I recently found myself needing to replace some text in a PDF for confidentiality reasons. I tried LibreOffice and some other GUI applications, but they had problems with content sizing and canvas size. After searching online, a StackOverflow answer showed how to do it using the command-line PDFtk and sed
. The answer warns that it doesn’t always work, but it did in my case, changing the text and not messing anything else up (that I could see).
I didn’t have PDFtk already, so I used MacPorts to install it: sudo port install pdftk
. It actually said the port was broken, but the command was there and seemed to work fine.
I tested the commands from the above answer, but ran into a problem. Another StackOverflow answer gave me the solution: I had to set LANG=C
to tell sed
to treat the file as binary.
The commands then worked to do what I wanted.

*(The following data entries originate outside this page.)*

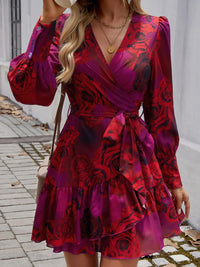 Devine Ruffled Printed Surplice Long Sleeve Mini Dress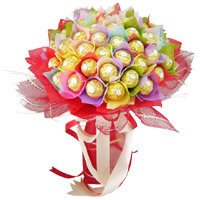New Year Gifts Delivery to Bangalore Same Day. 48 Pcs Ferrero Rocher Bouquet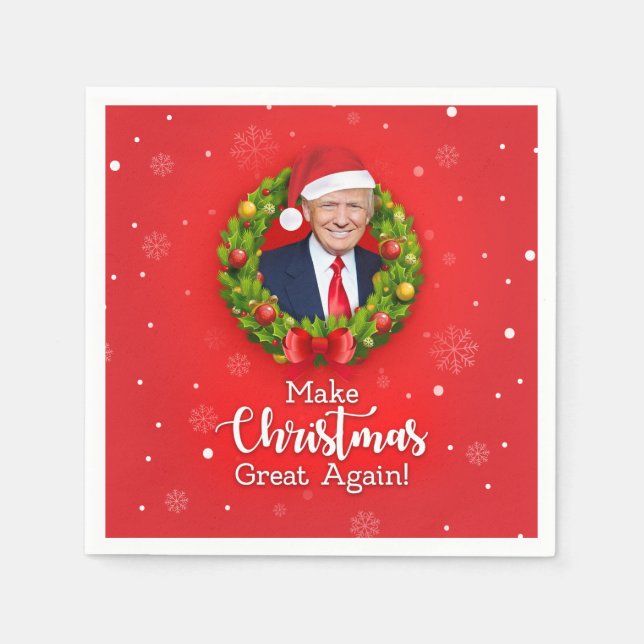 Guardanapo De Papel Faça o Excelente de Natal de novo Trump MAGA prese (Frente)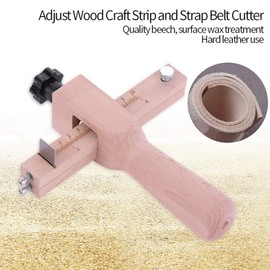 Strip and Strap Cutter Leather Craft DIY Hand Cutting Tool Adjustable with 5 Blades Professional Wooden Leatherworking Tools Stainless Steel Belt Cutters Clear Wood Scale Gauge Accessory Craftool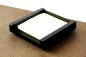 Preview: Haftnotiz Post It Spender - ACRYL schwarz Kombination mit PREMIUM LEDER BOXCALF schwarz (glatt)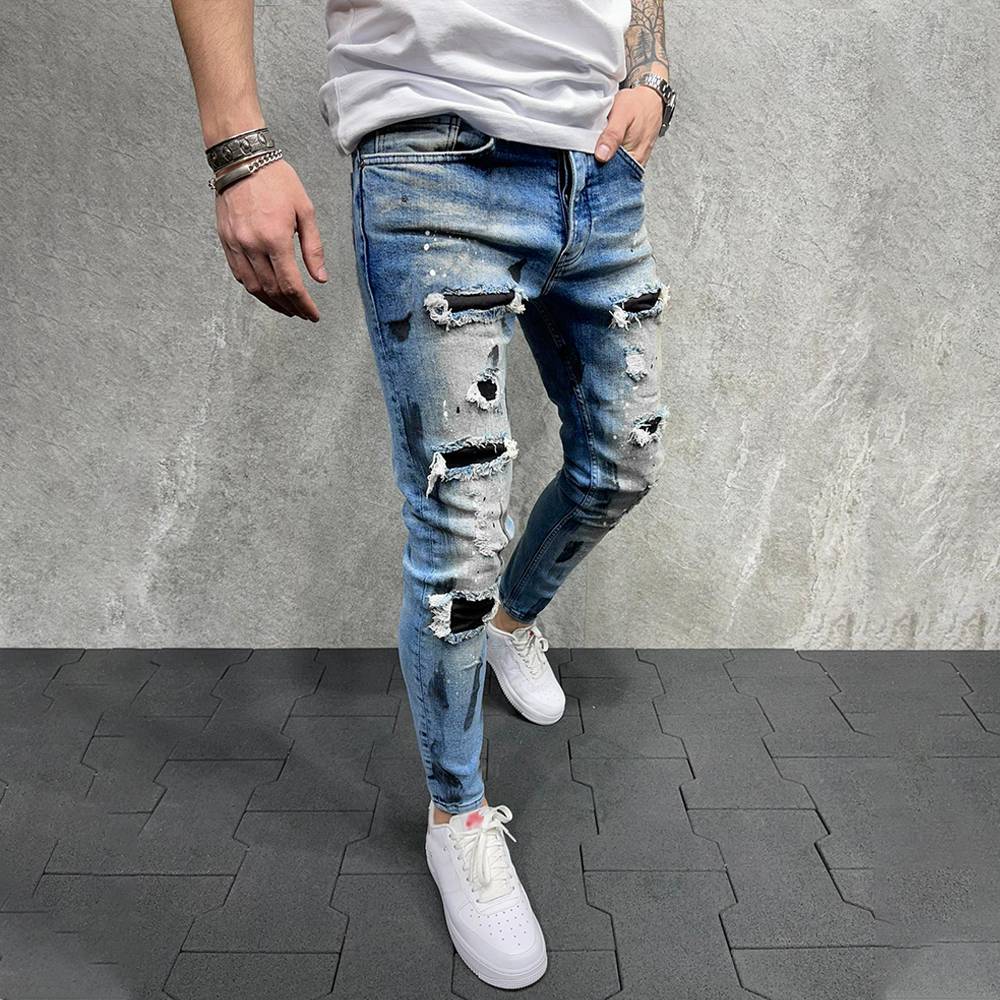 New Fashion Design Hole Slim Jeans Men's Paint Ripped Stitching Skinny Denim Pants Casual Hollow Out Zipper Denim Trousers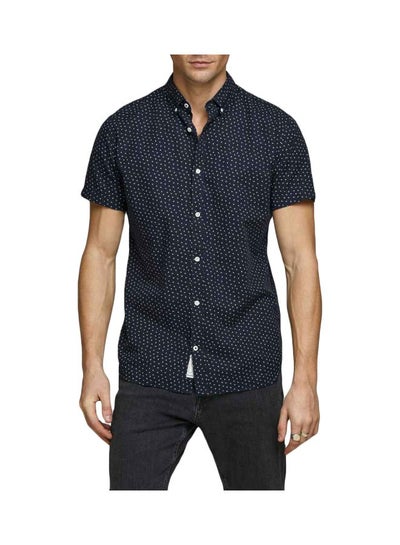 Buy Linen Printed Shirt Navy in Saudi Arabia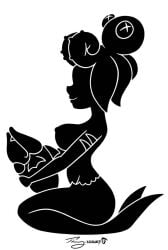 1girls black_and_white cala_maria cuphead_(game) silhouette solo timmy22222001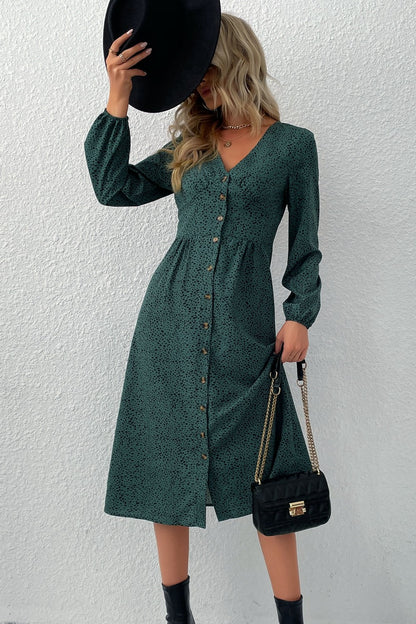 Spotted Button Down V-Neck Midi Dress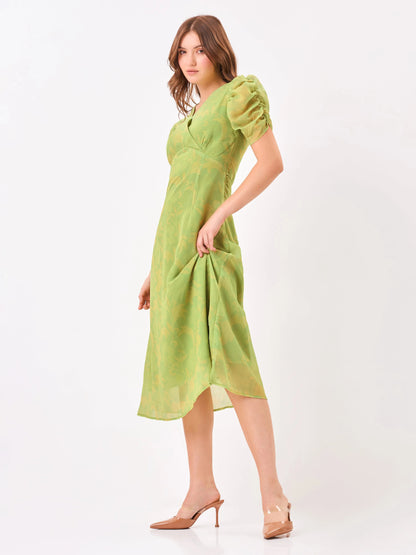 Avocado Aura V-Neck Green Midi Dress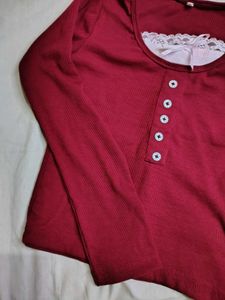 Maroon Lace Trim Henley Top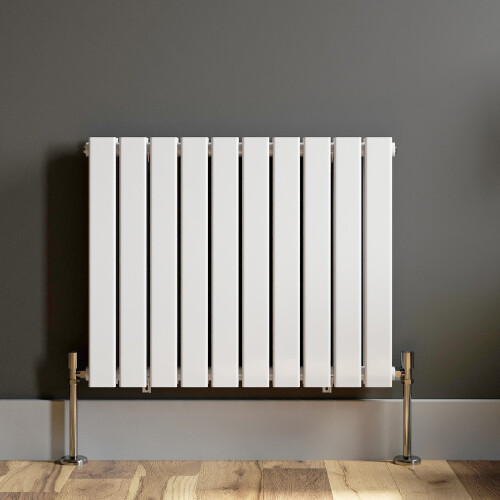 (White, 600 x 760mm - Double) Flat Panel Radiators Horizontal Vertical Heater 2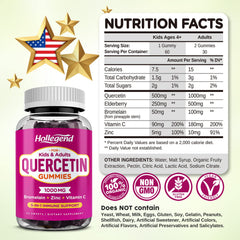 Graphic showing ingredients: quercetin, bromelain, elderberry, zinc and vitamin C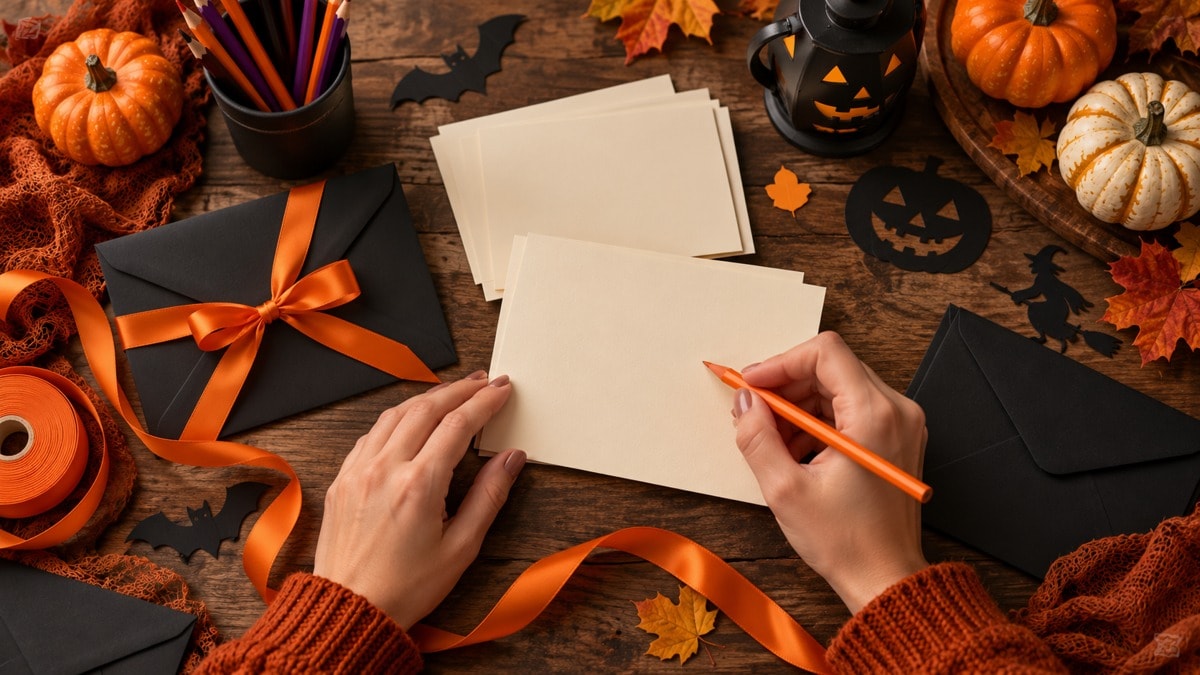 Biglietti e buste per preparare inviti di Halloween personalizzati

I put them together into a bash script for future use:
#!/bin/bash
if [ "$#" -ne 4 ]; then
echo "Usage: pdfreplace.sh input.pdf 'string to replace' 'string replacement' output.pdf"
exit 1
fi
#--needed for encoding to be handled correctly on mac
LANG=C
#--uncompress, replace text, recompress, and remove temp files
pdftk $1 output _tmp12345.pdf uncompress \
&& sed -e "s/$2/$3/g" <_tmp12345.pdf >_tmp22345.pdf \
&& pdftk _tmp22345.pdf output $4 compress \
&& rm _tmp12345.pdf _tmp22345.pdf
It takes four arguments, shown in the “Usage” line echoed when you run it with less than four arguments.
I make no promises that it’ll work for your needs.